PROVIDED INFORMATION below:

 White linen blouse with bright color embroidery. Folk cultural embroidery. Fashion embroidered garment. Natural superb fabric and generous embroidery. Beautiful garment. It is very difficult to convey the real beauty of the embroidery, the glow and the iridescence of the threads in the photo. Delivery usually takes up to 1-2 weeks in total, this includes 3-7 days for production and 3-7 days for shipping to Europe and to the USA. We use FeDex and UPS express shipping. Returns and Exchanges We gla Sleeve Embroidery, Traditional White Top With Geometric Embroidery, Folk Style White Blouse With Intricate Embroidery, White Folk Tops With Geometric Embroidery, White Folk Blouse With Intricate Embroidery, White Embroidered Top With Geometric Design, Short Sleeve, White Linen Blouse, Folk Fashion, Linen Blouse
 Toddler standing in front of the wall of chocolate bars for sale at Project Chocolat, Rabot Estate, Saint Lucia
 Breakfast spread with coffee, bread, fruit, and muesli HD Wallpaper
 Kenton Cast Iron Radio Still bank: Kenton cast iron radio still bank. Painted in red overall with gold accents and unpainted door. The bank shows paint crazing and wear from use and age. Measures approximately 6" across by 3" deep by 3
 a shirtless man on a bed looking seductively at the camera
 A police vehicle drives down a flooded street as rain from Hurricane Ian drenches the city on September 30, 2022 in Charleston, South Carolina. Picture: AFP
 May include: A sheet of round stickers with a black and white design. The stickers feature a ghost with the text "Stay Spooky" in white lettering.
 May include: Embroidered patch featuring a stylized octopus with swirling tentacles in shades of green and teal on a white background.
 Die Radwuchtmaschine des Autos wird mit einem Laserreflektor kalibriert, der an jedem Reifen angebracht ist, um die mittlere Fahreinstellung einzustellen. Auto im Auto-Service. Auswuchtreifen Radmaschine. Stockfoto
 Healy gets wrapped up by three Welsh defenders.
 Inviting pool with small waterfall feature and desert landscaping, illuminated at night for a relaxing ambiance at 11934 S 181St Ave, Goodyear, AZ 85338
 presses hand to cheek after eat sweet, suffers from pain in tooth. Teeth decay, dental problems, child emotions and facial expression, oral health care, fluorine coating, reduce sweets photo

End of PROVIDED INFORMATION.

→ WHAT YOU NEED TO DO:
Lines with the word "feature" in them should be copied from the preceding records.

→ WORKED SOLUTION:
 May include: A sheet of round stickers with a black and white design. The stickers feature a ghost with the text "Stay Spooky" in white lettering.
 Inviting pool with small waterfall feature and desert landscaping, illuminated at night for a relaxing ambiance at 11934 S 181St Ave, Goodyear, AZ 85338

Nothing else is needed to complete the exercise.